How Medicare Drug Coverage Works
Original Medicare does not include any drug coverage. Join a Part D Drug Plan from a private insurance carrier to ensure you have the coverage you need.
The Centers for Medicare and Medicaid Services (CMS) states that in 2019 the coverages offered by a Part D Plan must be equal to or better than the following.
- Initial Deductible – Equal to or less than $415.
- Initial Coverage Limit – You pay a copayment or coinsurance up 25% of the retail cost of your prescriptions/drugs until your retail drug costs reach $3,820.
- Coverage Gap – Once you reach the coverage gap you will pay a maximum of 25% of the retail cost of your brand name drugs and a maximum of 37% the retail cost of your generics until the amount you have paid out of your pocket for the year reaches $5,100.
- Catastrophic Phase – Once you have spent $5,100 out of your pocket for your drugs you will enter the catastrophic phase of your coverage. In this period, the retail cost of your generics (the greater amount of $3.40 or 5%) and the retail cost of your brand drugs (the greater of $8.50 or 5%) will be your responsibility.
These coverage periods are for the calendar year and do not reset, even if you change plans before the next calendar year. Some plans do offer more coverage through the coverage gap (donut hole); check with a licensed insurance agent that specializes in Medicare to learn which plan is best for you.
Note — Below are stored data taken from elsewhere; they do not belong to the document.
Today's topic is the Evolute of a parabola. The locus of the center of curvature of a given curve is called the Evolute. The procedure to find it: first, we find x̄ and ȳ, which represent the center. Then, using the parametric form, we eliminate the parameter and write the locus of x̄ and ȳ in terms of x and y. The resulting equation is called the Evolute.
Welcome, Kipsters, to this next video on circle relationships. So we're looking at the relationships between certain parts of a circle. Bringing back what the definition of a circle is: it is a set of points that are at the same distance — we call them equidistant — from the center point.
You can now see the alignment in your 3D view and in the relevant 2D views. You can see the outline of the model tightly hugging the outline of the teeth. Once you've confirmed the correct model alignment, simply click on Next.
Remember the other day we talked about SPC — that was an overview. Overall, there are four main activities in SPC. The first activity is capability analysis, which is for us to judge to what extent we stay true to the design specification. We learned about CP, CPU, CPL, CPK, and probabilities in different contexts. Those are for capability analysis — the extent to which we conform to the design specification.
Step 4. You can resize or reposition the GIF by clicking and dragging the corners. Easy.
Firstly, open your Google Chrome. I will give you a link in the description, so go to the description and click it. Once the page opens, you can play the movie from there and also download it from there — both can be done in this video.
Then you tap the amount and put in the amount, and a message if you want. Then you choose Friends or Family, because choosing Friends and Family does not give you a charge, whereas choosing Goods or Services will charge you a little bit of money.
How Do I Know What Drugs Are Covered Under the Plans
All Part D Plans have a formulary or lists of drugs that they cover.
Covered Drugs must be:
- Approved by the FDA
- Sold and used in the USA
- Be for an accepted medical condition
- Only be available through a prescription
Part D won’t cover drugs covered under Original Medicare.
Medicare Part D Drug Plans must cover a minimum of two drugs in each therapeutic class, and certain vaccines, such as the Shingles vaccine and diabetic supplies. It is a requirement from Medicare that they must cover all drugs in the six classes listed below.
- HIV/AIDS drugs
- Cancer Drugs
What Are Drug Tiers
The drugs are classified by different tiers in a prescription drug plan. The tier determines your different cost sharing (copay or coinsurance), the amount you will be responsible to pay. Tier 1 drugs will be the cheapest and tier 5 will be the most expensive.
If your doctor prescribes you a medication that is a higher tier, you may be able to save money if he/she can recommend and prescribe a lower tier medication.
- Preferred/common generic drugs
- Non-preferred, more expensive generic drugs
- Preferred brand name drugs
- Non-preferred brand name drugs
- Specialty drugs
Other Terms and Rules You Need to Know
Nearly all Medicare Part D Plans use rules for the covered drugs, known as coverage rules. These rules place certain limits on coverage for certain drugs. These rules promote the proper use of medications that are medically necessary and help to keep the plan costs under control.
This rule requires you to try similar, lower cost prescriptions that have been proven effective for people with the same condition before you can “Step Up” to the higher cost prescription.
If your doctor thinks your condition requires the higher cost medications, or if you have already tried the lower cost alternative, then your doctor can contact your plan and ask for an exception to the step therapy rule.
The plans can limit the quantity or number of drugs/pills they will cover for you during an allotted amount of time. They can do this for both safety and cost reasons.
For example, they can limit your pain medication to a 30-day supply instead of a 90-day supply. If you need more than the limit, your doctor will have to contact your plan to provide more information about the medical condition.
If the plan has this as a condition for a medication you’re taking you’ll be required to have your doctor contact the plan before you can fill your prescription.
The doctor will have to show the medically necessary reason why you must take that specific prescription for it to be covered under the plan.
What If My Drug Is Not Covered Under My Plan
If your drug isn’t covered under the plan formulary, don’t worry. You can either ask your doctor to switch you to a different medication that is covered or ask for an exception.
- Tier Exception – A tier exception is when you get a higher tier drug at a lower tier cost. This tier exception could be granted because the lower cost drug, will not be as effective in treating your condition.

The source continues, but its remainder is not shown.